マンガの場合は、心の中の思いを、吹き出しや貼り付けで文字にすると、吹き出しが大きくなってしまい、画を描けるスペースが小さくなり結果的に画が死んでしまう。そうなると見開きなどでも表現に制約が大きくなるし、ページ数も増えてしまいます。それでも、セリフに面白さがあれば感情移入は出来るという、本作は新しい表現の形なのだと思います。
面白かったのは「ドックンドックン」という表現です。主人公は、リバイバル(再上映)と言う過去の世界に2日でも3日でも戻って行ける力を持っています。「ドックンドックン」という表現と共に、過去に戻ることが出来る。これは非常にスリリングで面白かったです。大ヒットしていく要素があると思います。
謎があるから作品は読まれ、その謎を解いていく過程が物語となる。
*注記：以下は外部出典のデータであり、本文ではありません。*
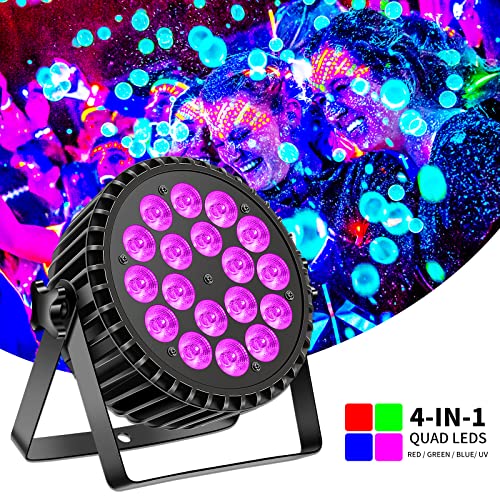 UV Licht LED Par Strahler 200W schwarzlicht 18 LED RGB 4 in 1 Scheinwerfer Bühnenlicht DMX512-8 Kanälen mit Par Licht Infinite Mixing/Rainbow Effect für Stage DJ Party Show Bar Halloween Weihnachten
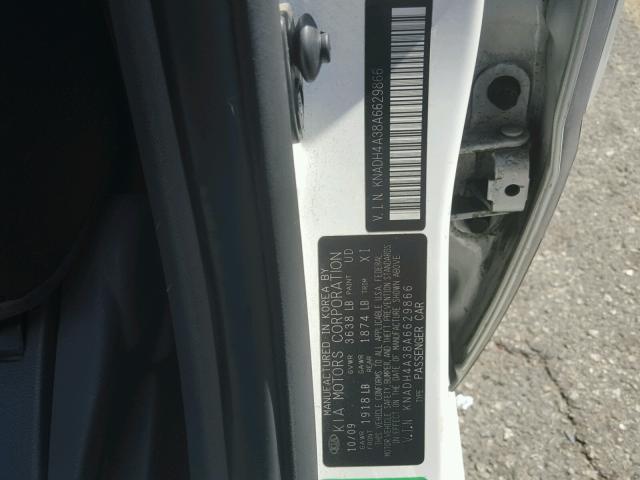 KNADH4A38A6629866 - 2010 KIA RIO LX Սպիտակ լուսանկար 10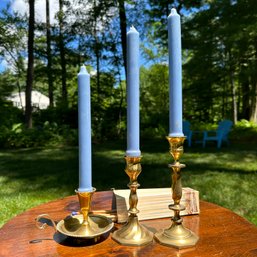 Trio Of Candle Holders & Taper Candles, Matches (BSMT Back)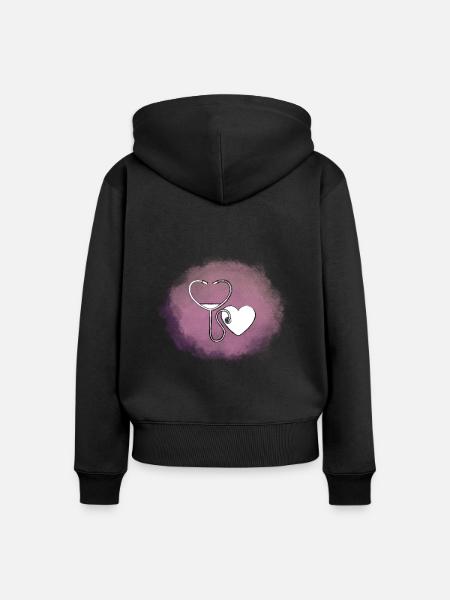 Herz - Frauen Premium Bio Zip Hoodie - Schwarz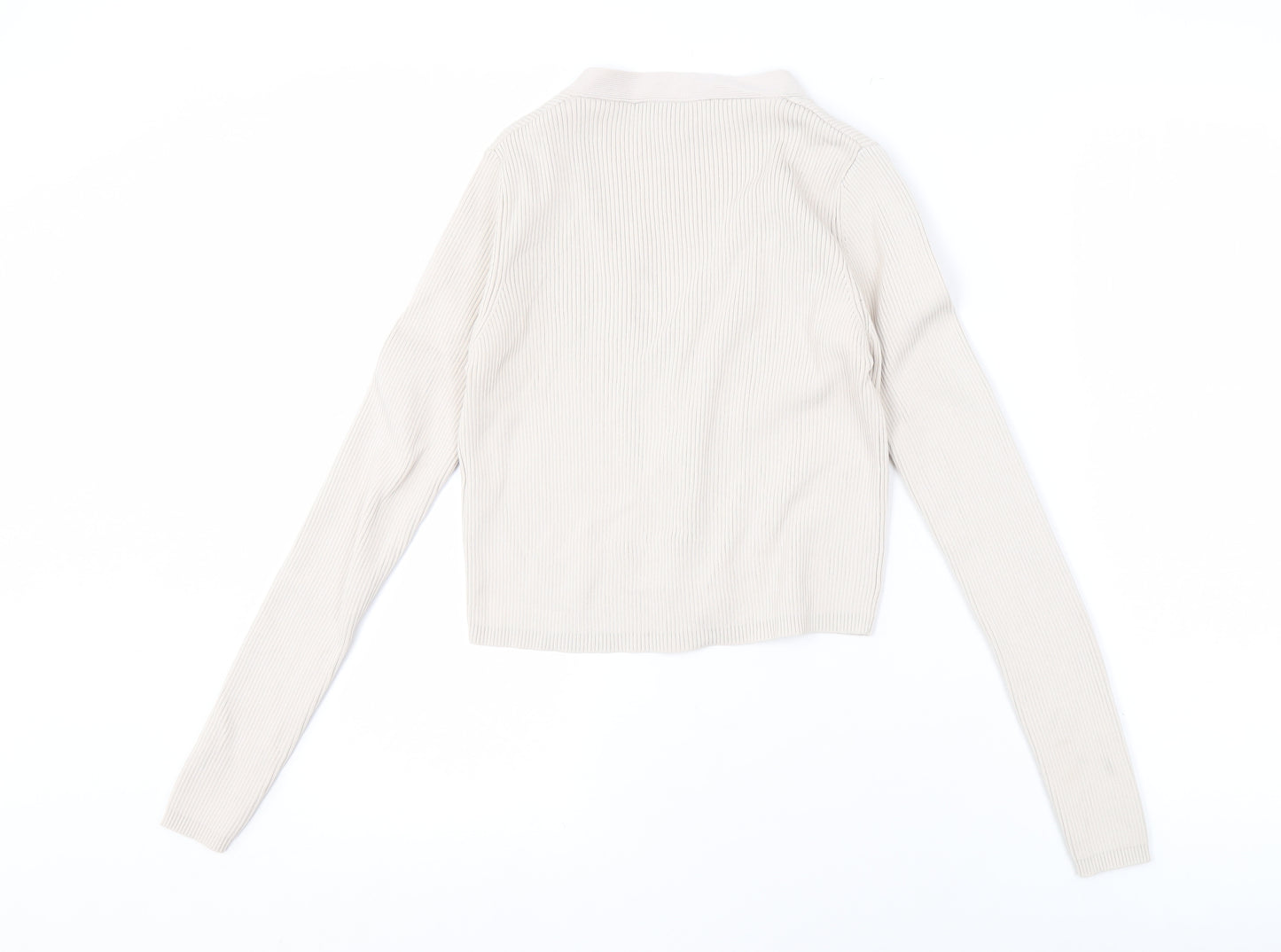 ZARA Women's Beige Cropped Button-Up Long Sleeve Top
本作はその謎が秀逸。
マスメディアの世界でずっとやってきたのは、「なぞなぞ」です。マンガだけではなく、TVドラマや映画、アニメや小説も例外ではありません。
マンガには謎が必要です。謎があるから作品は読まれ、その謎を解いていく過程が物語となるわけです。本作はその謎が秀逸です。今のマンガの世界は、謎が足りません。その謎が面白いほど、作品が魅力的になります。
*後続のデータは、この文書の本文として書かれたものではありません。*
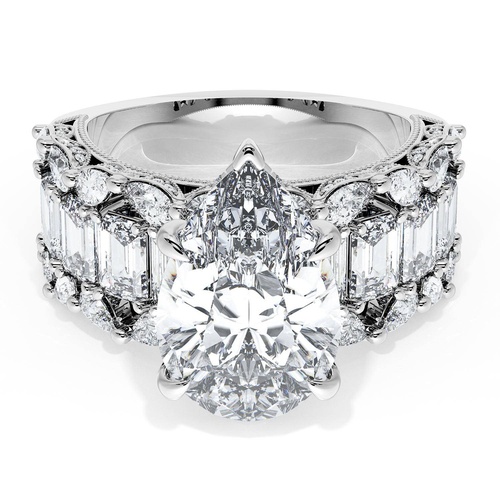 Pear Solitaire Engagement Ring w/ Emerald & Pear Band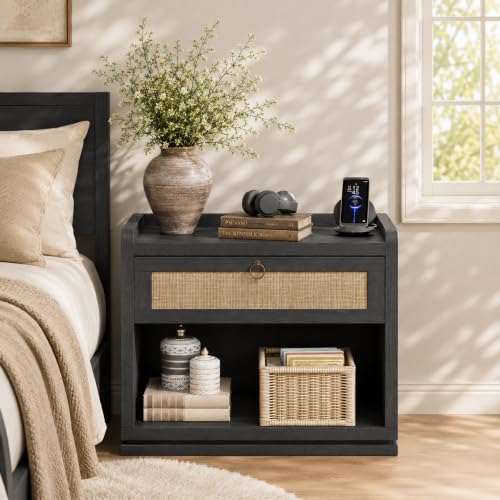 31" Wide Rattan Nightstand with Charging Station, End Side Table | Drawer & Open Shelf, Extra Large Night Stand, Farmhouse, Boho, Wood Bedside Table for Bedroom,Living Room,Office - color: Obsidian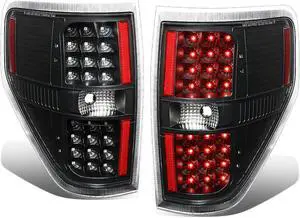 DNA Motoring TL-F15009-LED-BK-CL For 2009 to 2014 Ford F150 Pair Full LED Black Housing Clear Lens Tail Lights Rear Brake Lamps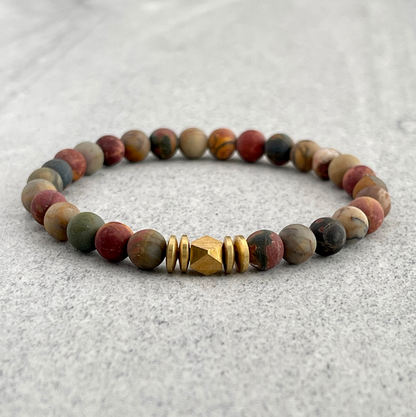 Matte Picasso Jasper Gemstone Bracelet with Faceted Brass and Rondelles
ぼくだけがいない街の「謎々効果」について書くと、18年前の連続殺人事件について、誰が、なぜそんなことをするか?これが大きな謎になっています。次々怪しげな人が出てきますが、この人が犯人かと思うと、後ほど違うということになる。この引きずり方が秀逸です。
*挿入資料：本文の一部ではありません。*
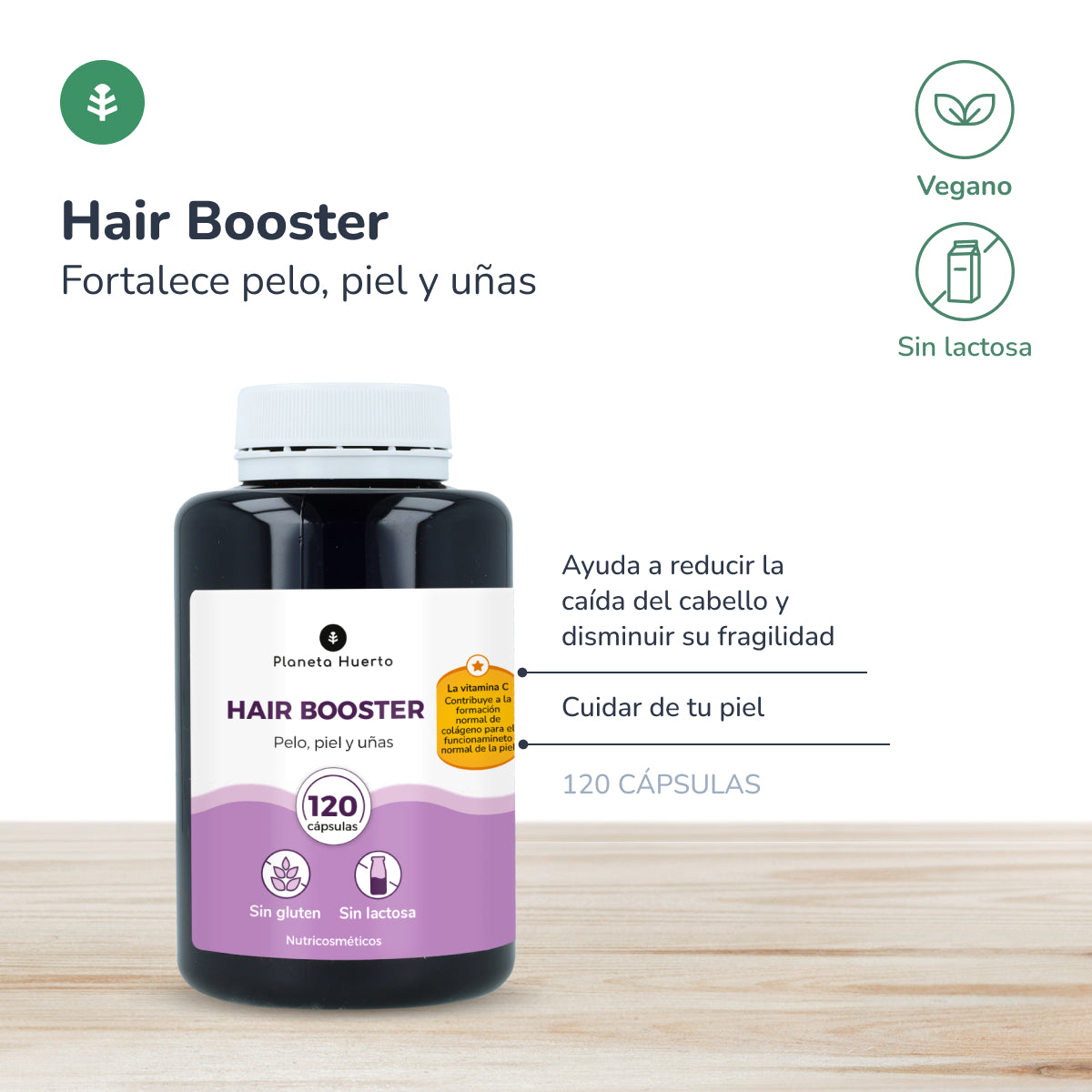 Pack 2xHair Booster pelo, piel y uñas Planeta Huerto 120 cápsulas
また、頭の中は28歳なのに、18年前の小学生時代に戻ってしまう。リバイバルによる過去への戻り方は、マンガとしては珍しいかなと思いました。これは30年前の父親と会話が出来るという『オーロラの彼方へ』(映画)に近いかなと思いました。
謎ときのおもしろさという意味で、近いなと思った作品が、直木賞を取った葉室燐さんの小説『川あかり』でした。弱いサムライがどうやって強いサムライに勝つのか。少しずつ謎が解かれていきラストシーンに近づいていく、この過程がとても面白いです。
僕の書いている書籍などでは、紙面が足らず書けませんが、直接会って話が出来るゼミでは、謎でキャラクターを起てる「なぞなぞ方式」を教えています。最近は人間の本能と、キャラクターの関係について研究をしていて、セロトニン、ドーパミンと言ったホルモンのことなども研究しています。マンガでも、「どうすれば読者にホルモンを出させることができるか」ということが、とても重要なのです。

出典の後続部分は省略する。